# Advanced Topics

## inference/linker.`py`

### class EntityLinker

Creates a pipeline of an entity recognition transformer and a sentence transformer for embedding text.

#### Initialization Parameters

entity\_model : str, default='tabiya/roberta-base-job-ner' Path to a pre-trained `AutoModelForTokenClassification` model or an `AutoModelCrfForNer` model. This model is used for entity recognition within the input text.

similarity\_model : str, default='all-MiniLM-L6-v2' Path or name of a sentence transformer model used for embedding text. The sentence transformer is used to compute embeddings for the extracted entities and the reference sets. The model 'all-mpnet-base-v2' is available but not in cache, so it should be used with the parameter `from_cache=False` at least the first time.

crf : bool, default=False A flag to indicate whether to use an `AutoModelCrfForNer` model instead of a standard `AutoModelForTokenClassification`. `CRF` (Conditional Random Field) models are used when the task requires sequential predictions with dependencies between the outputs.

evaluation\_mode : bool, default=False If set to `True`, the linker will return the cosine similarity scores between the embeddings. This mode is useful for evaluating the quality of the linkages.

k : int, default=32 Specifies the number of items to retrieve from the reference sets. This parameter limits the number of top matches to consider when linking entities.

from\_cache : bool, default=True If set to `True`, the precomputed embeddings are loaded from cache to save time. If set to `False`, the embeddings are computed on-the-fly, which requires GPU access for efficiency and can be time-consuming.
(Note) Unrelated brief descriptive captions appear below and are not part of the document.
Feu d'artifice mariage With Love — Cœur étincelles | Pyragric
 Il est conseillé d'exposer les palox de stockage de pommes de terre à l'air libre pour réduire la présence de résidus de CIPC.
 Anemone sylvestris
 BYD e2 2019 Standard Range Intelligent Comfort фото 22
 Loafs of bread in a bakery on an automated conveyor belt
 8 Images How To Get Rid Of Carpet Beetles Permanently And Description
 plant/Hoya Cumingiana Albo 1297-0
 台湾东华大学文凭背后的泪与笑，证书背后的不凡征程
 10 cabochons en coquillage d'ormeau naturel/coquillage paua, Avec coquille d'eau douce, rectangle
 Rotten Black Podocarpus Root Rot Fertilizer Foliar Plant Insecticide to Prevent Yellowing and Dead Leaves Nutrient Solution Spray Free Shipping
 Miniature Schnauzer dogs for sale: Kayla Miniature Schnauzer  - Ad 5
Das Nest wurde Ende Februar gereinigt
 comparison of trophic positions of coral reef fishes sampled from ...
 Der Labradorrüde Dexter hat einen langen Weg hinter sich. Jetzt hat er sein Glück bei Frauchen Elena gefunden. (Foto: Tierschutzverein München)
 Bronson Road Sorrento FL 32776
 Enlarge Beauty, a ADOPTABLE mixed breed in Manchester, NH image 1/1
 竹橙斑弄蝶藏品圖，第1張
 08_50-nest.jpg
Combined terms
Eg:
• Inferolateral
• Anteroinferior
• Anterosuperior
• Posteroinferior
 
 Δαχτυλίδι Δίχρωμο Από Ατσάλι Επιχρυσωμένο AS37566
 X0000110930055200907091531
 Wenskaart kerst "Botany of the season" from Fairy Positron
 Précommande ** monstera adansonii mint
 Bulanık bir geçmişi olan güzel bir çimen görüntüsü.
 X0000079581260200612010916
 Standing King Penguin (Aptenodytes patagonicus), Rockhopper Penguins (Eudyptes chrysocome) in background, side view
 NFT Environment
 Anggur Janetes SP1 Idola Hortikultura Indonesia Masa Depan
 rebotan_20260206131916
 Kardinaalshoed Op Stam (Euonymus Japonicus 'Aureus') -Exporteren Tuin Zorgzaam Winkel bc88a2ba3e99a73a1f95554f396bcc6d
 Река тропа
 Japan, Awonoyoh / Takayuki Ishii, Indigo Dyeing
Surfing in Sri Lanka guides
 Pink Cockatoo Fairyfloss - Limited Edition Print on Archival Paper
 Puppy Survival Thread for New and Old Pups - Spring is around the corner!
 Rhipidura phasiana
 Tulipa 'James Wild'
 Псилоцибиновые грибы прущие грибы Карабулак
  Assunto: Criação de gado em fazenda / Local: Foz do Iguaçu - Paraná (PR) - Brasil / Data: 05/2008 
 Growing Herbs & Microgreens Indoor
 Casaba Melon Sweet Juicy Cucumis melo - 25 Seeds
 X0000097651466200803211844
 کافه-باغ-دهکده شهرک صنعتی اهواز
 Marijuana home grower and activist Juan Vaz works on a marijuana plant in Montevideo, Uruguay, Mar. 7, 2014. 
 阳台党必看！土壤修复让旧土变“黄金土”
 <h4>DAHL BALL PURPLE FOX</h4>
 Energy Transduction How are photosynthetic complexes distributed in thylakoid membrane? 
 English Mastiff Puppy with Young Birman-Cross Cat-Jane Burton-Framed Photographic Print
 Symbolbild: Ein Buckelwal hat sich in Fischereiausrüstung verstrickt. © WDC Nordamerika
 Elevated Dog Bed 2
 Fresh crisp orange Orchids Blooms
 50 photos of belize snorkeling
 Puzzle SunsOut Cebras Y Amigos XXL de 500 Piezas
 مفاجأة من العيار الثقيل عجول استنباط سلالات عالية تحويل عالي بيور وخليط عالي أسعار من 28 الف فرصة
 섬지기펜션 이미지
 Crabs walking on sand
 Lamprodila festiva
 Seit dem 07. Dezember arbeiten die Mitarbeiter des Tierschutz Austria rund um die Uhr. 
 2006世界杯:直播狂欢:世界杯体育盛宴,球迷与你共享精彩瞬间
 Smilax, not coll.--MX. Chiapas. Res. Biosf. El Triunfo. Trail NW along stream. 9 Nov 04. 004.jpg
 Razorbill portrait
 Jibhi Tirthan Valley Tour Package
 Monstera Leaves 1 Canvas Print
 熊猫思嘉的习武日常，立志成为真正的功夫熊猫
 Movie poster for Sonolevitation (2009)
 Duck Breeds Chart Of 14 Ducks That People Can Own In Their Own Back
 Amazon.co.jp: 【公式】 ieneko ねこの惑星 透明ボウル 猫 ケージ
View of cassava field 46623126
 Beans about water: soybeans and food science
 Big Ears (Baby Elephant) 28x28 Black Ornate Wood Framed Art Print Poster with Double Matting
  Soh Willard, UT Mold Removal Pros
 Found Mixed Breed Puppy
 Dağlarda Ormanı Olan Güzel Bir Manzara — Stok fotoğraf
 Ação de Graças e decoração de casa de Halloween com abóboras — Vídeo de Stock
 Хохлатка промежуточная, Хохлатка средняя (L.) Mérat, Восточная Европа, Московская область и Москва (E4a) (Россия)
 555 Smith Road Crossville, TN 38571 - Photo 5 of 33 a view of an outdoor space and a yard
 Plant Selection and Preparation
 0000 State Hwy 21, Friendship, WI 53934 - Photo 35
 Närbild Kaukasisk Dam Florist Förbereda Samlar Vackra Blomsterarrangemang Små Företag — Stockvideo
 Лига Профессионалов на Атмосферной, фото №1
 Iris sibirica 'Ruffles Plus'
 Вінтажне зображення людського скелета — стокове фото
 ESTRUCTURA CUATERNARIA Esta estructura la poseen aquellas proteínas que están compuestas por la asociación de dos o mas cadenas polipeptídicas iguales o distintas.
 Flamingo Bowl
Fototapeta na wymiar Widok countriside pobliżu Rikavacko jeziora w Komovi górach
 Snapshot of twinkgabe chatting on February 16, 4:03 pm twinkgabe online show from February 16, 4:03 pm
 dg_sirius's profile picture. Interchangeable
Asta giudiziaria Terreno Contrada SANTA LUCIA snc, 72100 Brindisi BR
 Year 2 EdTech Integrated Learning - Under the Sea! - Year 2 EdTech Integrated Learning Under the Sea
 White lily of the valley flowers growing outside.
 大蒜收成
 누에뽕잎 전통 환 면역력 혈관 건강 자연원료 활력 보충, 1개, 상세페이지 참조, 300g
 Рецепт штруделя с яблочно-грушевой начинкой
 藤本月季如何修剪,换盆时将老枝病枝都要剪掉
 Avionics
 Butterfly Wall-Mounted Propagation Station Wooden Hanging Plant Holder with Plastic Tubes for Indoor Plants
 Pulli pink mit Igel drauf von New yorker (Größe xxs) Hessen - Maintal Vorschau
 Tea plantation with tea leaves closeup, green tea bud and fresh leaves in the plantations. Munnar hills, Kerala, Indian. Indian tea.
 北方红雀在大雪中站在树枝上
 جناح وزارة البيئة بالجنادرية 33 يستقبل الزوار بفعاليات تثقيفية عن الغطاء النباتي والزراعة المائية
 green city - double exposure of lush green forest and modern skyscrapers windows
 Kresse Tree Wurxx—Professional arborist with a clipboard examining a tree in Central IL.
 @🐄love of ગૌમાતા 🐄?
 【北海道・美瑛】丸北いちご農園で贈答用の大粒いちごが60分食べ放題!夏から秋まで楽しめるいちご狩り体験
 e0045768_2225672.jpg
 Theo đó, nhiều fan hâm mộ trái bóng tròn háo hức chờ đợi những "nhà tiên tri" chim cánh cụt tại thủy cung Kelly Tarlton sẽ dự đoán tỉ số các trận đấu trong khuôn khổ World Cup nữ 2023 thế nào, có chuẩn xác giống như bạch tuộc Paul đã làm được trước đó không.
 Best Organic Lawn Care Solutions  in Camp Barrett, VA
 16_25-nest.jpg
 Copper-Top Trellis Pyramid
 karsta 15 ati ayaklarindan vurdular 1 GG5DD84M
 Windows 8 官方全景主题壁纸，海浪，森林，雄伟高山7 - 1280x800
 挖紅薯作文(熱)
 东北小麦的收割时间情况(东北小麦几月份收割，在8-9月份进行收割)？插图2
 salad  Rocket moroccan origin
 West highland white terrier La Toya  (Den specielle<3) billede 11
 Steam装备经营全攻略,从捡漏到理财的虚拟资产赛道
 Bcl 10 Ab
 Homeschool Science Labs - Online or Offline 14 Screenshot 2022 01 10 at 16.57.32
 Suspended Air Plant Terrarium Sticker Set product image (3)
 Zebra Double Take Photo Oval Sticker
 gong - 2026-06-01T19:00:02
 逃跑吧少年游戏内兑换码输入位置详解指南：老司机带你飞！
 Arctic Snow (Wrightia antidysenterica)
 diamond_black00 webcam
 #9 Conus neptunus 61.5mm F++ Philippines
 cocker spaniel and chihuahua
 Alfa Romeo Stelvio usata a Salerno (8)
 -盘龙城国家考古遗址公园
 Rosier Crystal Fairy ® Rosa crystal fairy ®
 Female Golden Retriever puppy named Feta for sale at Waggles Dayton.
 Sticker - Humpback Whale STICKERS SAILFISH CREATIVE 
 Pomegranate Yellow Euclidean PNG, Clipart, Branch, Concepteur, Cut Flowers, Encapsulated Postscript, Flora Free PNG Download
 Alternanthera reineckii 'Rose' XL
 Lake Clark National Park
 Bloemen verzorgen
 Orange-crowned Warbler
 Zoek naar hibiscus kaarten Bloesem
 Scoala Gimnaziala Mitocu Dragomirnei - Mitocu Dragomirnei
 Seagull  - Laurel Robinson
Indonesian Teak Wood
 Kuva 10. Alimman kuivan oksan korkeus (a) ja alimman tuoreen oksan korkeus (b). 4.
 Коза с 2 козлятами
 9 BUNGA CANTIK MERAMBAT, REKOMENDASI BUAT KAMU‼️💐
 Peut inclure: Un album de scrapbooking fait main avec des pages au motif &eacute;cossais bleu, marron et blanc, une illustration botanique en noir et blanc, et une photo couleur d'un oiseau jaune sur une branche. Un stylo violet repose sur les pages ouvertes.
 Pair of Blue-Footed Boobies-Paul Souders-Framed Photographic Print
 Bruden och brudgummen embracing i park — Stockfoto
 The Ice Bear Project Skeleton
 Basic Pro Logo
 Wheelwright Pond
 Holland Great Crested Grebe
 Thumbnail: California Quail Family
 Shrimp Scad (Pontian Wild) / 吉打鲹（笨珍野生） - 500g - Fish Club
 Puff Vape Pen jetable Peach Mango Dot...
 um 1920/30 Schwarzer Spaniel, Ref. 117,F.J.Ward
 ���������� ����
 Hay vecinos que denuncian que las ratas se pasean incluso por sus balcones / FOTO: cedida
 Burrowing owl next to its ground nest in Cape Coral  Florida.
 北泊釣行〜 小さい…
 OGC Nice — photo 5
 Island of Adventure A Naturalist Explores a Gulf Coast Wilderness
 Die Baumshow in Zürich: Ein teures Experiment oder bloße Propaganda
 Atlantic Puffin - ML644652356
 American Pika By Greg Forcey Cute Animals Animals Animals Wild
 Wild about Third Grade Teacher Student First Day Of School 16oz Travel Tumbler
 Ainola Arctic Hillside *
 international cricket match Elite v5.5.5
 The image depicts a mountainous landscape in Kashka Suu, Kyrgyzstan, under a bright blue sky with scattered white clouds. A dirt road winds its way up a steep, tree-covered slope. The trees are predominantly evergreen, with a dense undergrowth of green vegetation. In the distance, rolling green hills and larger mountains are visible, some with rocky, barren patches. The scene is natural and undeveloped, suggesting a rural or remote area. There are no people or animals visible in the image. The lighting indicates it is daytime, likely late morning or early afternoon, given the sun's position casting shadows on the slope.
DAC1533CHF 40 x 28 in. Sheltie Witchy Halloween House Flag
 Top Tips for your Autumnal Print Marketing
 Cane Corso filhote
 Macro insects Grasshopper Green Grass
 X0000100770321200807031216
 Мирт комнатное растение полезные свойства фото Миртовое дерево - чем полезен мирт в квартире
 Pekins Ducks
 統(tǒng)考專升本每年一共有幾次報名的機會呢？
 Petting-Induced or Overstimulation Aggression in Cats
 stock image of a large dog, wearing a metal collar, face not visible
output\_format : str, default='occupation' Specifies the format of the output for occupations, either `occupation`, `preffered_label`, `esco_code`, `uuid` or `all` to get all the columns. The `uuid` is also available for the skills.

#### Calling Parameters

text : str An arbitrary job vacancy-related string.

linking : bool, default=True Specify whether the model performs the entity linking to the taxonomy.

### class FrenchEntityLinker

French version of the entity linker. In order to use, we need to rewrite the reference databases to the French version of ESCO.

## `inference/evaluator.py`

## class Evaluator(EntityLinker)

Evaluator class that inherits the Entity Linker. It computes the queries, corpus, inverted corpus and relevant docs for the [InformationRetrievalEvaluator](https://github.com/UKPLab/sentence-transformers/blob/master/sentence_transformers/evaluation/InformationRetrievalEvaluator.py), performs entity linking and computes the Information Retrieval Metrics.

### Initialization Parameters

entity\_type: str Occupation, Skill, or Qualification to determine the exact evaluation set to be used.

## `util/transformersCRF.py`

### class CRF(nn.Module)

Implemented from [here](https://github.com/lonePatient/BERT-NER-Pytorch/tree/master).

A class that creates a linear Conditional Random Field model.

### class AutoModelForCrfPretrainedConfig(PretrainedConfig)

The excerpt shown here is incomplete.